Exercise goal. Output the line containing "Mueble de TV" and all subsequent lines of the listing below, copied exactly, with no other lines.

Information provided.

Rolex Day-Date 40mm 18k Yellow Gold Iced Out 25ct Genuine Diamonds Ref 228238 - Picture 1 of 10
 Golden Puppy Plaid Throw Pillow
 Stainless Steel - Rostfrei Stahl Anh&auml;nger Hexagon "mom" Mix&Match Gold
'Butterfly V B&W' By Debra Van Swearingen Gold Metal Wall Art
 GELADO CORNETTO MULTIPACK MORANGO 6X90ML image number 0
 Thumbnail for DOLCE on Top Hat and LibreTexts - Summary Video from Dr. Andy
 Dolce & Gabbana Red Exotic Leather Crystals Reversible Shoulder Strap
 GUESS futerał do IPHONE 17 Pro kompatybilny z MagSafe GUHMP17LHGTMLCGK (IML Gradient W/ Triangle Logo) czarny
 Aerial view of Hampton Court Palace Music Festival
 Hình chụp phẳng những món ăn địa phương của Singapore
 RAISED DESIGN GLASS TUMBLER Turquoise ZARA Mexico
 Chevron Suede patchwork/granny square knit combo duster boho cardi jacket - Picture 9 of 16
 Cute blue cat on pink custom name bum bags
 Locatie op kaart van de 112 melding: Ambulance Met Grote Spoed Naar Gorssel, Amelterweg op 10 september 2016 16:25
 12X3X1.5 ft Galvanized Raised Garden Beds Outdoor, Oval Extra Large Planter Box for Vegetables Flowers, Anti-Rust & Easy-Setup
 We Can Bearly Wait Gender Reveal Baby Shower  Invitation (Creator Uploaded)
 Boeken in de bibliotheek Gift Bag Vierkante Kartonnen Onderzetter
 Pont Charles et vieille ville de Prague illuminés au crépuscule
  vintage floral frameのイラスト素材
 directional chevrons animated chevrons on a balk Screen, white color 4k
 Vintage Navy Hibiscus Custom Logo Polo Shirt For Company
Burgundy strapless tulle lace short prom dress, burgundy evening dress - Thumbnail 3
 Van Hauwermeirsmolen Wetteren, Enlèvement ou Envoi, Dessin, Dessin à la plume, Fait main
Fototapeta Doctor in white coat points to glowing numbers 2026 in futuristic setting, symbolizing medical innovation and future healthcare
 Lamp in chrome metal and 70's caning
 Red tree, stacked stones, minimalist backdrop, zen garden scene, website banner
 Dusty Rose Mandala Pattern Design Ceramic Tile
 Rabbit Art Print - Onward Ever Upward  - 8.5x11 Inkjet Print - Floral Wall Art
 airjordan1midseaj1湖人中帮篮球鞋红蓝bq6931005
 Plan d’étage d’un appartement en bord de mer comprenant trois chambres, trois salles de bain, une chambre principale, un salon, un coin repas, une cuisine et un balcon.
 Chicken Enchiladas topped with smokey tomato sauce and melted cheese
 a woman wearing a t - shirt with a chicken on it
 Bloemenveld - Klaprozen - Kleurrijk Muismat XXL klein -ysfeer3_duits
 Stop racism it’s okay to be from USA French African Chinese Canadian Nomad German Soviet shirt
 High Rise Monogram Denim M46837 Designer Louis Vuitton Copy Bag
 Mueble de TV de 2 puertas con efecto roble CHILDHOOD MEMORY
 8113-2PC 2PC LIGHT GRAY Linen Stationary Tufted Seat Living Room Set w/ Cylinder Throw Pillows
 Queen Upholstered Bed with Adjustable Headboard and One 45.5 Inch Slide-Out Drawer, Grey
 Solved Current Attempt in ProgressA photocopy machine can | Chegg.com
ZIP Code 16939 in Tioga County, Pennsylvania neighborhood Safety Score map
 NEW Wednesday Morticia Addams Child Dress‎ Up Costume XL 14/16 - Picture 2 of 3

Response to this exercise.
 Mueble de TV de 2 puertas con efecto roble CHILDHOOD MEMORY
 8113-2PC 2PC LIGHT GRAY Linen Stationary Tufted Seat Living Room Set w/ Cylinder Throw Pillows
 Queen Upholstered Bed with Adjustable Headboard and One 45.5 Inch Slide-Out Drawer, Grey
 Solved Current Attempt in ProgressA photocopy machine can | Chegg.com
ZIP Code 16939 in Tioga County, Pennsylvania neighborhood Safety Score map
 NEW Wednesday Morticia Addams Child Dress‎ Up Costume XL 14/16 - Picture 2 of 3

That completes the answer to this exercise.